◆ Exercise objective
What is needed is a word-for-word copy of the lines below from the one with "new 2024 Nissan" through the one with "Versace Versace Versus", both included, with every picture left out.

◆ Recorded data

★ ★ ★ ★ ★ ★ ★

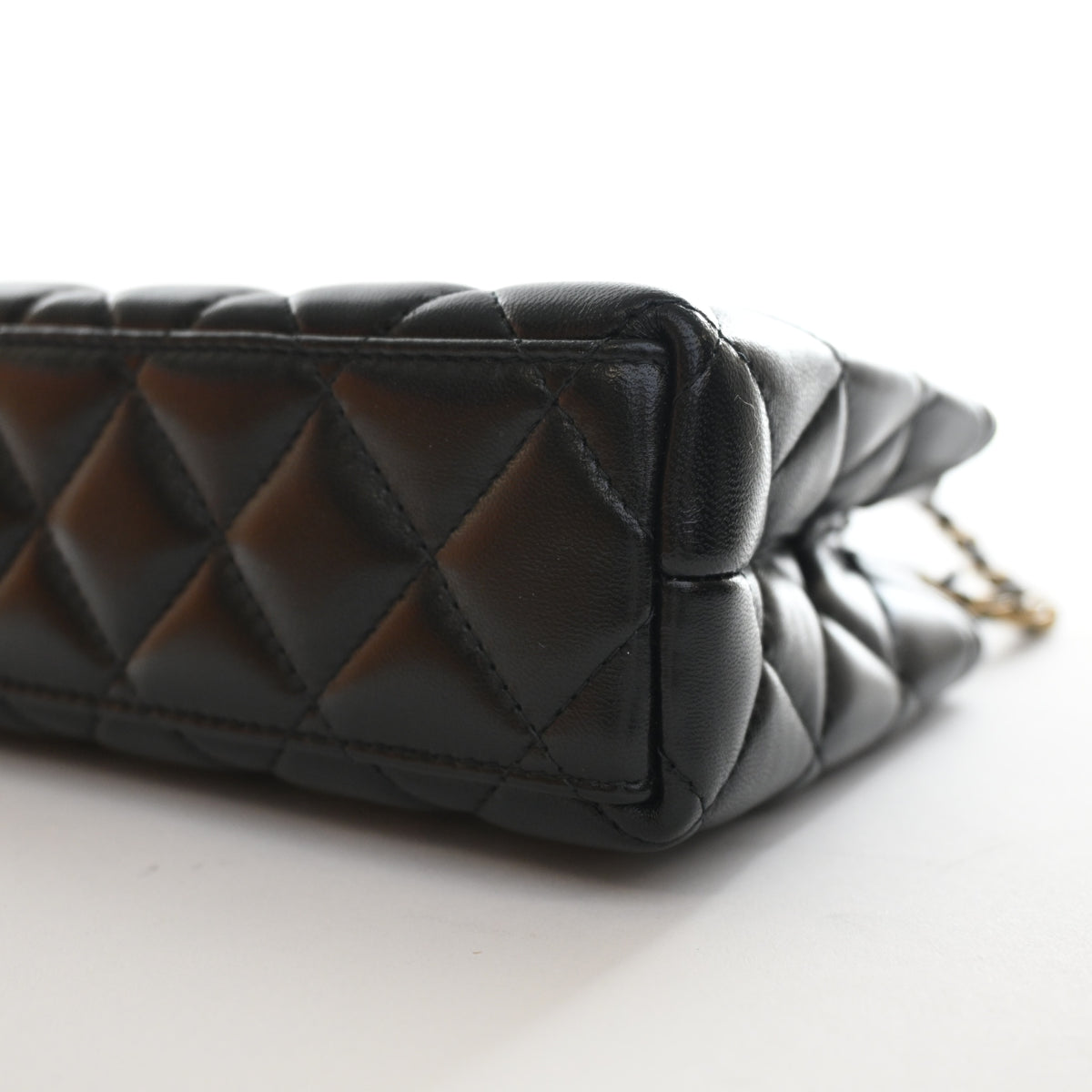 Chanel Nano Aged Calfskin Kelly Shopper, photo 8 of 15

★ ★ ★ ★ ★ ★ ★

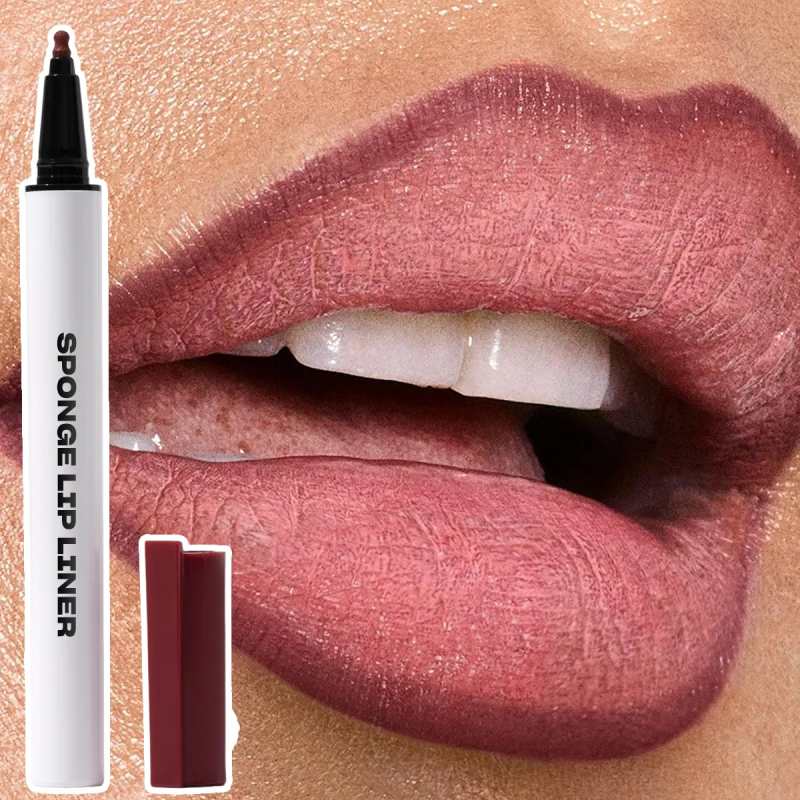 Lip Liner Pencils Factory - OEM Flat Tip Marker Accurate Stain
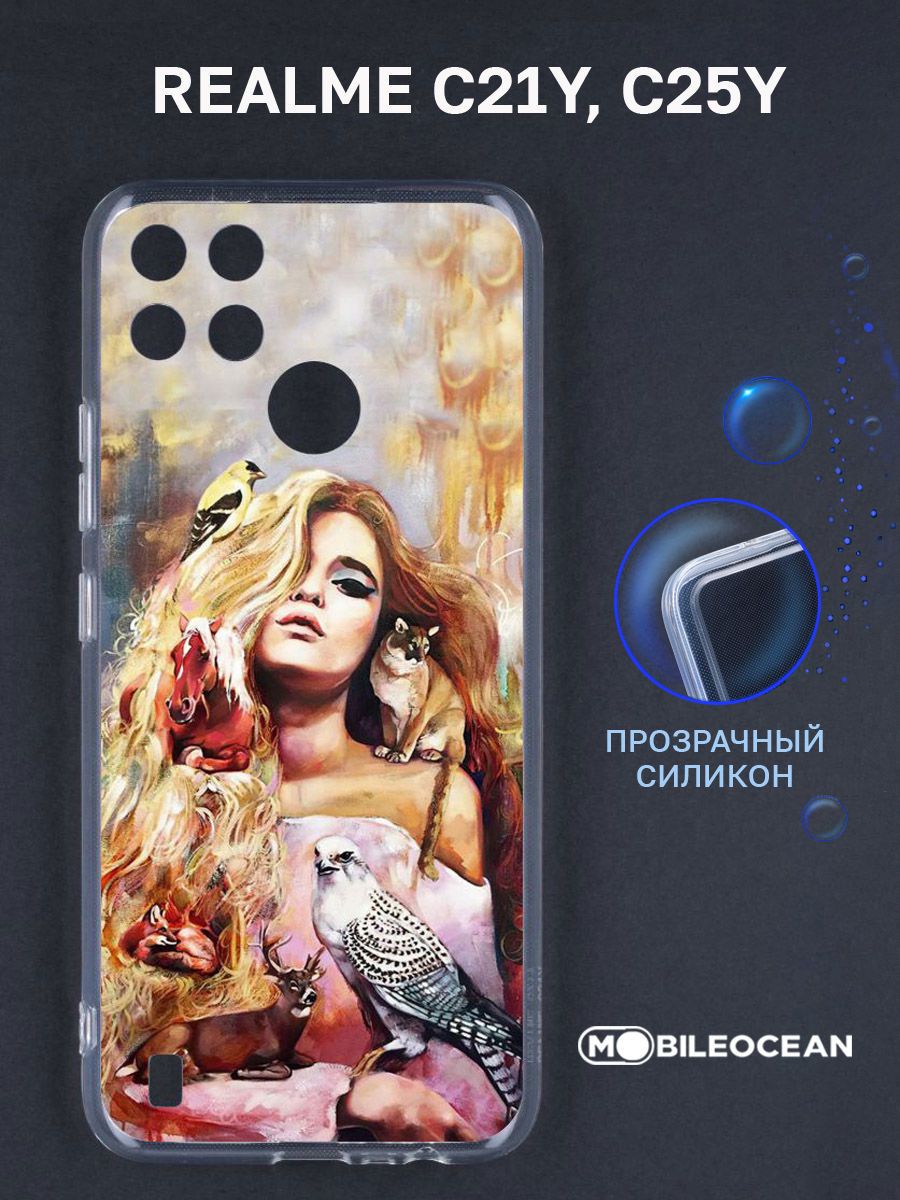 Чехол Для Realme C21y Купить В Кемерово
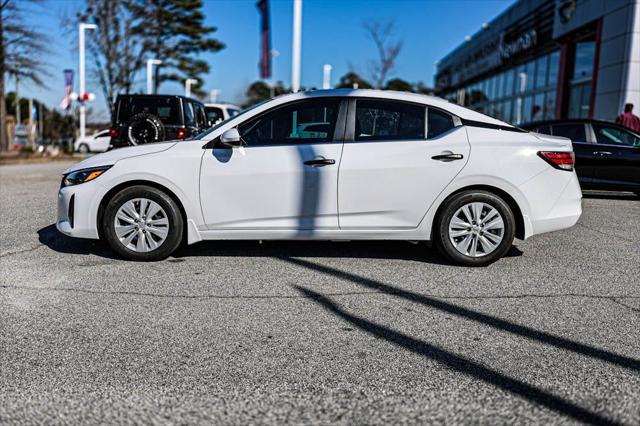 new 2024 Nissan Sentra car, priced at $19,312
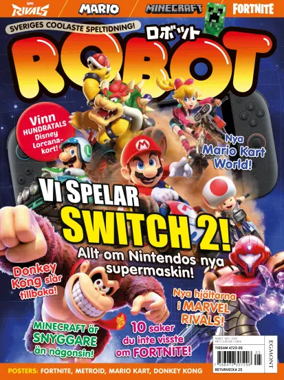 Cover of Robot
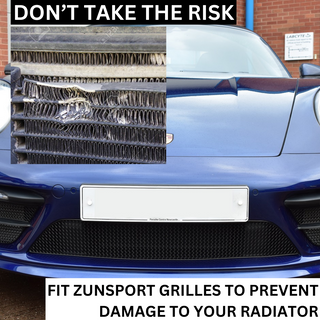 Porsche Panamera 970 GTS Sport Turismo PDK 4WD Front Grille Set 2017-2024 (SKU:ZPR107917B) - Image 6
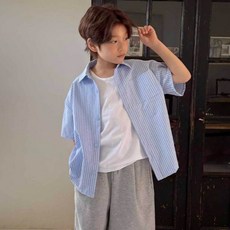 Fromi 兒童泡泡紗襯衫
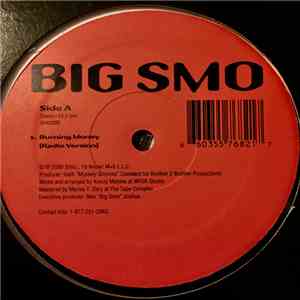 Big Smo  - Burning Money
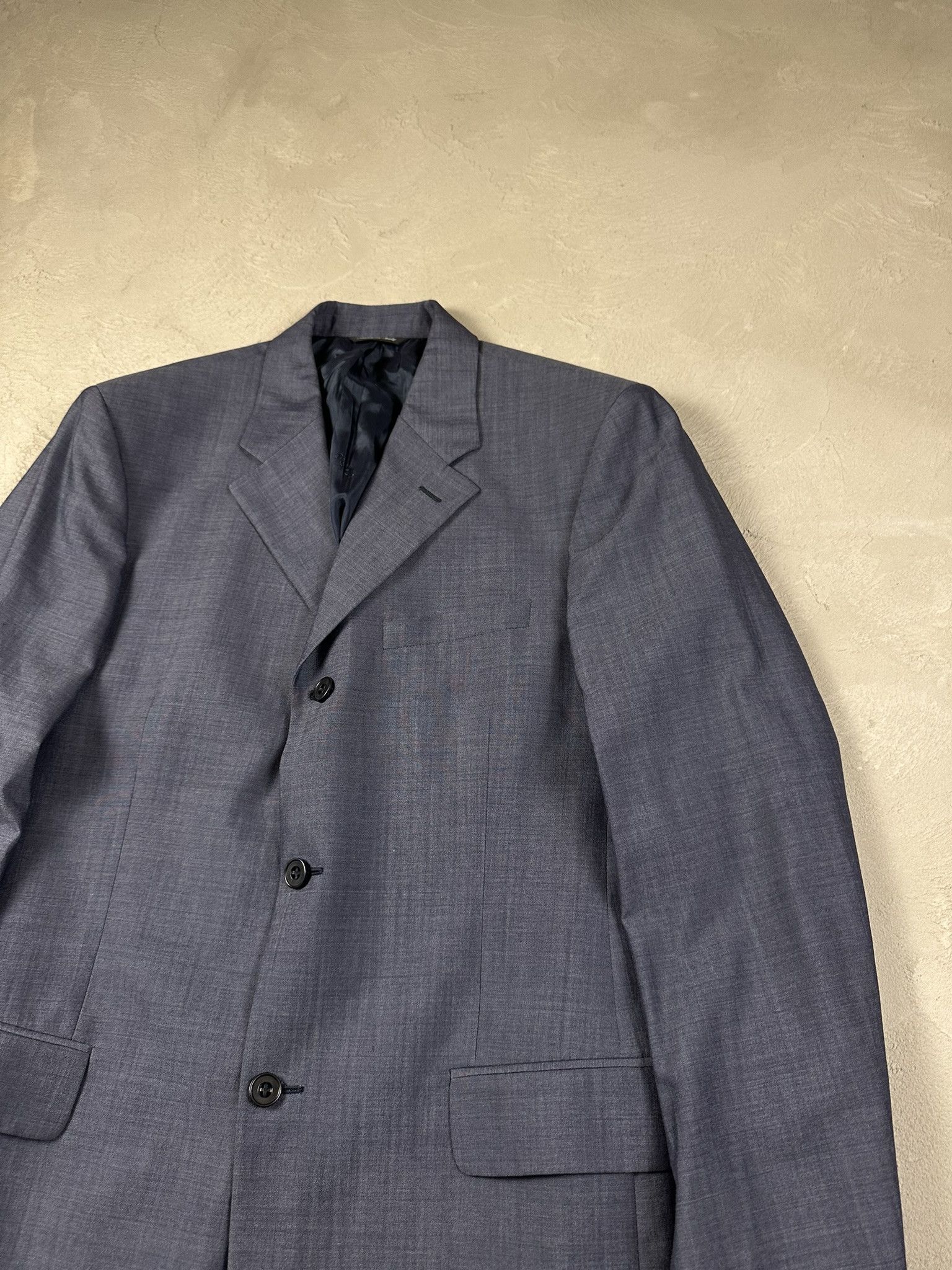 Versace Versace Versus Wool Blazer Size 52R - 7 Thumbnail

★ ★ ★ ★ ★ ★ ★

◆ Solution for this problem
 new 2024 Nissan Sentra car, priced at $19,312
 Cover of Robot
 Porsche Panamera 970 GTS Sport Turismo PDK 4WD Front Grille Set 2017-2024 (SKU:ZPR107917B) - Image 6
 Fromi 兒童泡泡紗襯衫
 Big Smo  - Burning Money
 Versace Versace Versus Wool Blazer Size 52R - 7 Thumbnail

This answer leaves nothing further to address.